Prompt -
Make an exact copy of the lines from the one containing "Apple iPhone 5S - AT&T, 16 GB, Gray, A1533" through the end of the records below, and leave out every picture.

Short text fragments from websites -
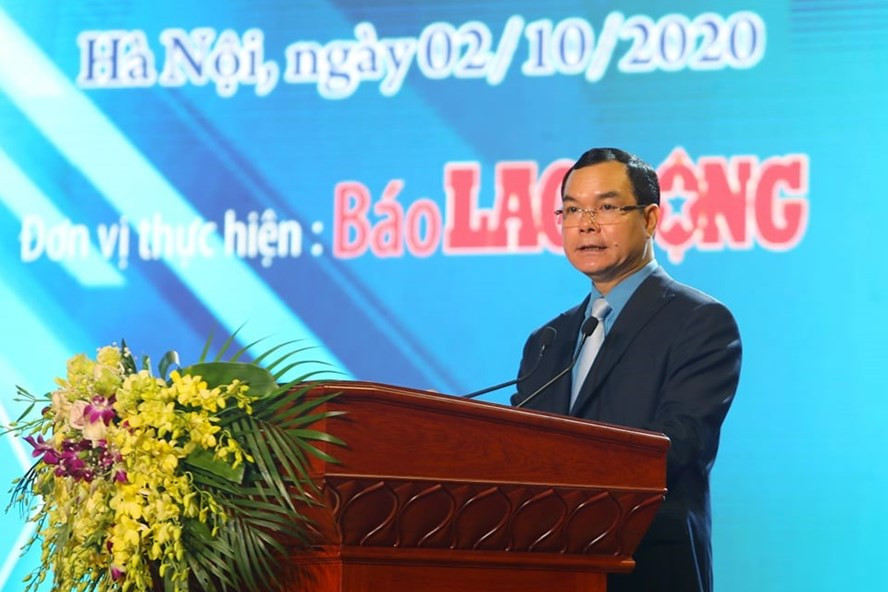 Ông Nguyễn Đình Khang, Chủ tịch Tổng LĐLĐ Việt Nam phát biểu tại lễ trao giải.
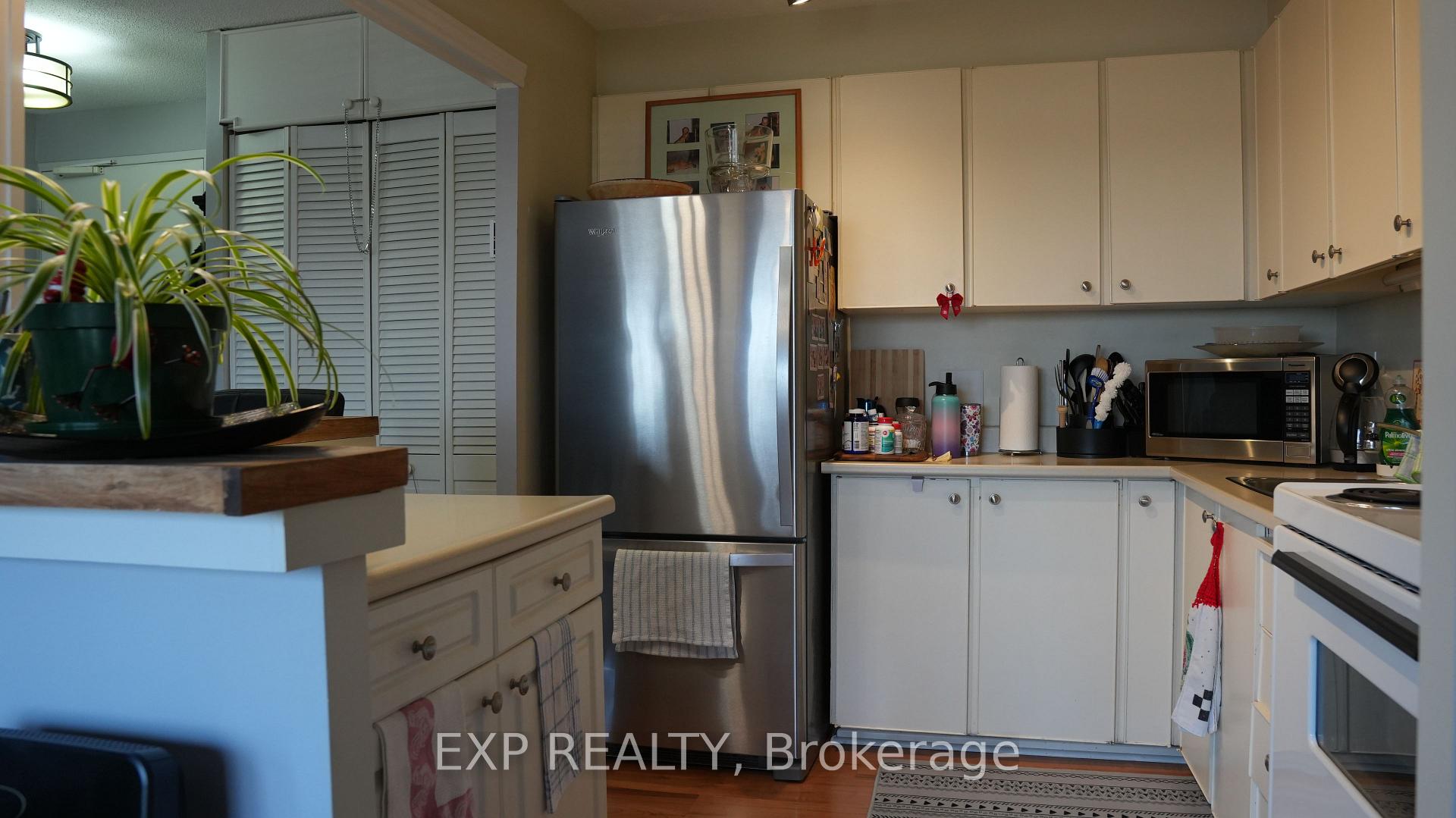 Photo 8 of Unit 220, 20 Chesterton Drive, Ottawa, Borden Farm/Stewart Farm/Carleton Heights/Parkwood Hills — HOMEH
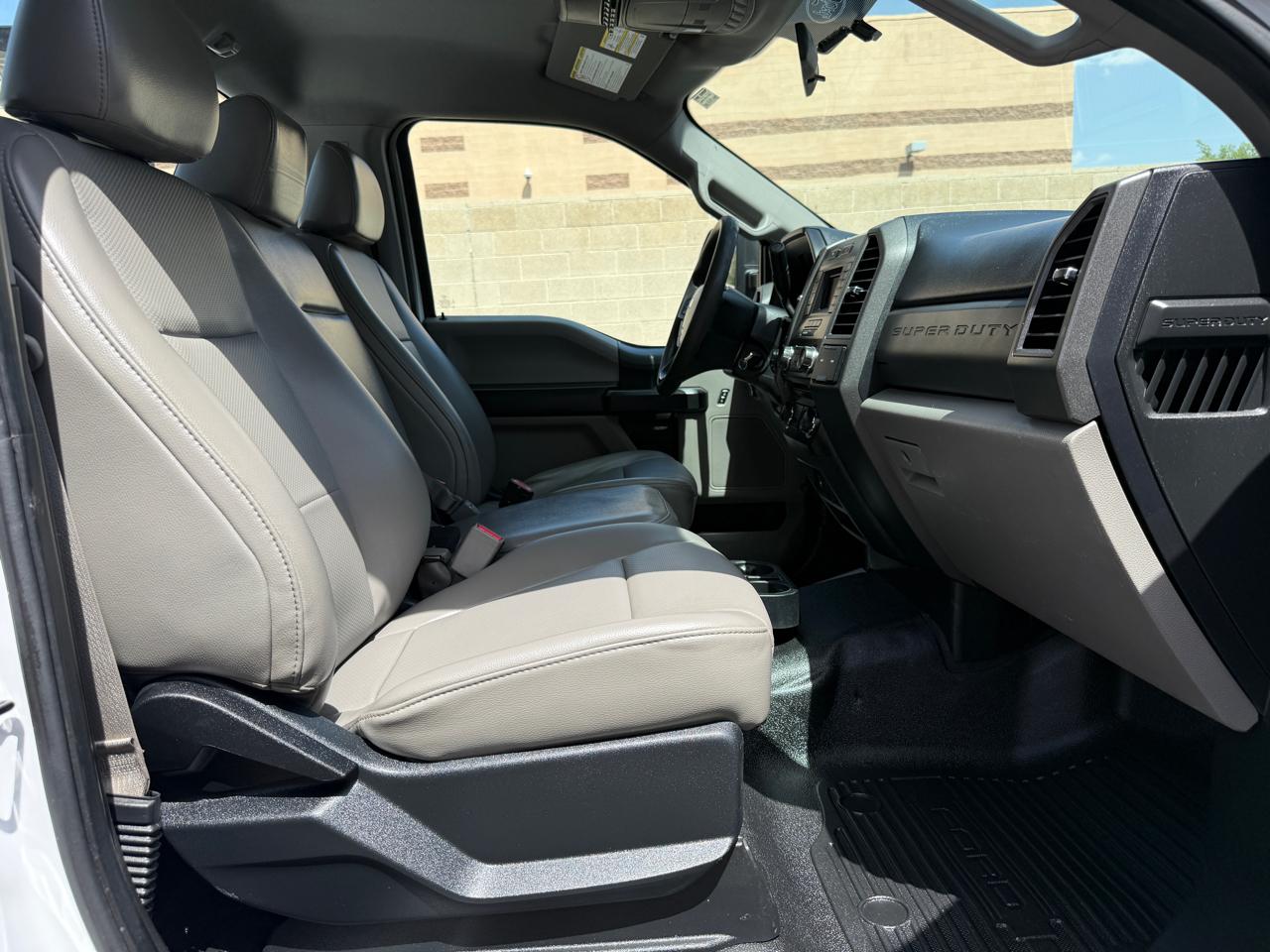 Ford F-350 SD XLT 2WD 2017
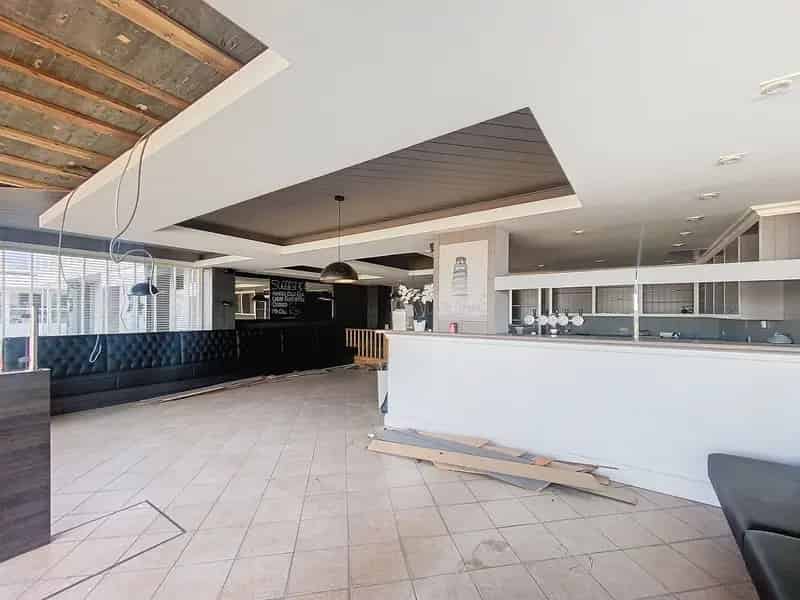 Horecazaak met Appartement te Koop Toplocatie
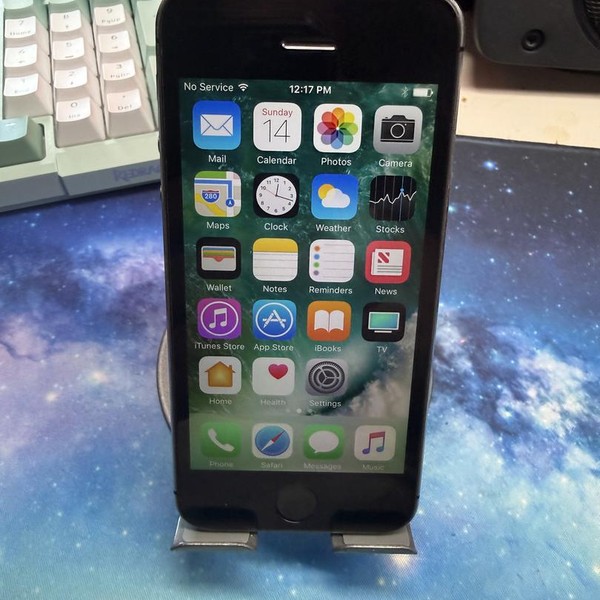Apple iPhone 5S - AT&T, 16 GB, Gray, A1533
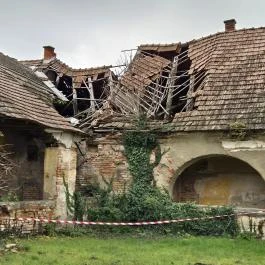 Szapáry-kastély Ercsi - Külső kép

Task response -
Apple iPhone 5S - AT&T, 16 GB, Gray, A1533
 Szapáry-kastély Ercsi - Külső kép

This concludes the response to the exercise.